Determination of Ras-GTP and Ras-GDP in patients with acute myelogenous leukemia (AML), myeloproliferative syndrome (MPS), juvenile myelomonocytic leukemia (JMML), acute lymphocytic leukemia (ALL), and malignant lymphoma: assessment of mutational and indirect activation

  • D. Raepple
  • F. von Lintig
  • T. Zemojtel
  • M. Duchniewicz
  • A. Jung
  • M. Lübbert
  • G. R. Boss
  • J. S. ScheeleEmail author
Open Access
Original Article

Abstract

The 21-kD protein Ras of the low-molecular-weight GTP-binding (LMWG) family plays an important role in transduction of extracellular signals. Ras functions as a ‘molecular switch’ in transduction of signals from the membrane receptors of many growth factors, cytokines, and other second messengers to the cell nucleus. Numerous studies have shown that in multiple malignant tumors and hematopoietic malignancies, faulty signal transduction via the Ras pathway plays a key role in tumorigenesis. In this work, a non-radioactive assay was used to quantify Ras activity in hematologic malignancies. Ras activation was measured in six different cell lines and 24 patient samples, and sequence analysis of N- and K-ras was performed. The 24 patient samples comprised of seven acute myelogenous leukemia (AML) samples, five acute lymphocytic leukemia (ALL) samples, four myeloproliferative disease (MPD) samples, four lymphoma samples, four juvenile myelomonocytic leukemia (JMML) samples, and WBC from a healthy donor. The purpose of this study was to compare Ras activity determined by percentage of Ras-GTP with the mutational status of the Ras gene in the hematopoietic cells of the patients. Mutation analysis revealed ras mutations in two of the seven AML samples, one in codon 12 and one in codon 61; ras mutations were also found in two of the four JMML samples, and in one of the four lymphoma samples (codon 12). We found a mean Ras activation of 23.1% in cell lines with known constitutively activating ras mutations, which was significantly different from cell lines with ras wildtype sequence (Ras activation of 4.8%). Two of the five activating ras mutations in the patient samples correlated with increased Ras activation.

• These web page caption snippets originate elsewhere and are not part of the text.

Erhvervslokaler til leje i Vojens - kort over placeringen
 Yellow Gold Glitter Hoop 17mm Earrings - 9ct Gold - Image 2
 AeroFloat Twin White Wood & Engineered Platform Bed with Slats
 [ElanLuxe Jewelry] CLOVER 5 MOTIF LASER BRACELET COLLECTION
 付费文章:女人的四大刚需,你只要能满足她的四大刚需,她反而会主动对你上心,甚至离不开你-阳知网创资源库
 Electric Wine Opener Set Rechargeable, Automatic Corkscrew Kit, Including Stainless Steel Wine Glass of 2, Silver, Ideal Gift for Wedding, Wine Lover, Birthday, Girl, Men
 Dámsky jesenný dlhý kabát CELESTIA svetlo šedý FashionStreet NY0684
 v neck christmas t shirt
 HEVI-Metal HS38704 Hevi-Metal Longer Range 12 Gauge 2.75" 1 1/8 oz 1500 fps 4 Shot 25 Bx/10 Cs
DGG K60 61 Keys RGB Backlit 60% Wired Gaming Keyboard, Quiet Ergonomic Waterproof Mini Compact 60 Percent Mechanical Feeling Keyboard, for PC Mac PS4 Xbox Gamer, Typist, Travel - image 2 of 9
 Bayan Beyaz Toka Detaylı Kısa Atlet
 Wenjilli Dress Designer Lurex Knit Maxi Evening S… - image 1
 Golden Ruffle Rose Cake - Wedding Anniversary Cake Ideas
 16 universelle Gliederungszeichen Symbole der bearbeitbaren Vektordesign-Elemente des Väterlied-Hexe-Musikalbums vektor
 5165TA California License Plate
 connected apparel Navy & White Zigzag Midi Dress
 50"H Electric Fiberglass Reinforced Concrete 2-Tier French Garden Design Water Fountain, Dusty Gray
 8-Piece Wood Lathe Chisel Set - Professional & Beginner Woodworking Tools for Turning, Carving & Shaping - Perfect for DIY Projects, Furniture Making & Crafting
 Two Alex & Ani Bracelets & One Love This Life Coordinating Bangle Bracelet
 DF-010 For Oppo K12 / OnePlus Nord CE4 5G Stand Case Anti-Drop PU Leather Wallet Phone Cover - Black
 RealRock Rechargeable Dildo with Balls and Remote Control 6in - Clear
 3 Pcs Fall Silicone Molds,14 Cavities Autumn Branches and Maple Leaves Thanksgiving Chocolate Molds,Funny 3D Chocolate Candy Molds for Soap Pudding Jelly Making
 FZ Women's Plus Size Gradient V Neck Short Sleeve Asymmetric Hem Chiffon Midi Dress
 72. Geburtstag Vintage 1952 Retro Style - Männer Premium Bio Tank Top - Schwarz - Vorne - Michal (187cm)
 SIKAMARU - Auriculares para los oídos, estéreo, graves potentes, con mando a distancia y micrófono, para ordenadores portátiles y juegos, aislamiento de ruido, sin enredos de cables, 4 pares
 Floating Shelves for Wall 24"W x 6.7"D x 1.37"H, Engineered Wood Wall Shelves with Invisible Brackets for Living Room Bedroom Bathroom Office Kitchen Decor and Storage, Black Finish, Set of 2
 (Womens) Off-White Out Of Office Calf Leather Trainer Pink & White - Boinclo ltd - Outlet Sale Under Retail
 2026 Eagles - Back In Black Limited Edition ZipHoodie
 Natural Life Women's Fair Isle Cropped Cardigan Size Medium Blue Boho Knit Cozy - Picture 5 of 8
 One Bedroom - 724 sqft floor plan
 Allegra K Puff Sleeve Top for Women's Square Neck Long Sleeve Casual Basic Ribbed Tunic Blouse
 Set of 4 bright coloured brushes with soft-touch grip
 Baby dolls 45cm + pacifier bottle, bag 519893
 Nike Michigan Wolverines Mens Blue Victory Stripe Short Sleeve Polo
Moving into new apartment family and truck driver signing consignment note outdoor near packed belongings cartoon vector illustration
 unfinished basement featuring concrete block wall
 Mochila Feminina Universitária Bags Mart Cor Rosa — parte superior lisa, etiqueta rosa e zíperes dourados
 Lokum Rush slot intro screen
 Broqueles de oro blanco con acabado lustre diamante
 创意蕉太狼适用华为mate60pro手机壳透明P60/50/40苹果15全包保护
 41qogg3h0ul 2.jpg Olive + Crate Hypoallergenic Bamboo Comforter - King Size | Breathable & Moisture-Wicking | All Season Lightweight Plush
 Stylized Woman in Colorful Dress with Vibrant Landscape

In the other three samples, Ras was probably activated through “upstream” or “downstream” mechanisms.

Keywords

Ras LMWG Oncogenes Mutation Signal transduction Hematopoietic malignancies 

Introduction

Mutations in the ras proto-oncogenes (H-ras, N-ras, K-ras) are the most common genetic aberrations in human tumors, occurring in 20–30% of all tumors; although this figure varies considerably depending on the tumor entity. The most frequently observed ras mutations occur in codons 12, 13, and 61, with these mutations disrupting the GTPase function of Ras. Although the mutated Ras still forms a complex with regulatory GTPase activating proteins (GAPs), conversion of guanosine-5′-triphosphate (GTP) to guanosine-5′-diphosphate (GDP), i.e., Ras inactivation, is attenuated. This blockade leads to a longer half-life of the active GTP-binding form of Ras. Besides mutations in codons 12, 13, and 61, sporadic mutations have been described in codons 116, 117, 119, and 146. These mutations decrease the protein’s affinity towards nucleotides, leading to an exchange in favor of cytosolic GTP, of which there is a ten-fold higher level than GDP. In addition, the binding of hydrolysis-enhancing GAPs is inhibited. Moreover it has been shown that mutations in codons 59 and 63 activate the transforming potential of the H-ras gene [1] but are of little clinical relevance. Hence, all known mutations lead to an accumulation of constitutively active Ras and uninterrupted signal transfer. In malignant hematopoietic diseases, activating Ras mutations occur most commonly in myeloid disorders, in myelodysplastic syndrome (MDS) and AML, with the level of Ras activation ranging from 6 to 37%. The mutations occur largely in N-ras codons 12, 13, and 61, and in K-ras codon 12; H-ras mutations are rarely seen in this entity. The most common mutation is a G→A mutation in codon 12 [2, 3]. Activated Ras mutations appear to play an important part in the transformation from MDS to AML, and a high percentage of patients with MDS-based AML develop Ras mutations in the course of their disease [4]. Furthermore, a prospective study showed that MDS patients with a confirmed ras mutation have a significantly higher risk of developing AML [5].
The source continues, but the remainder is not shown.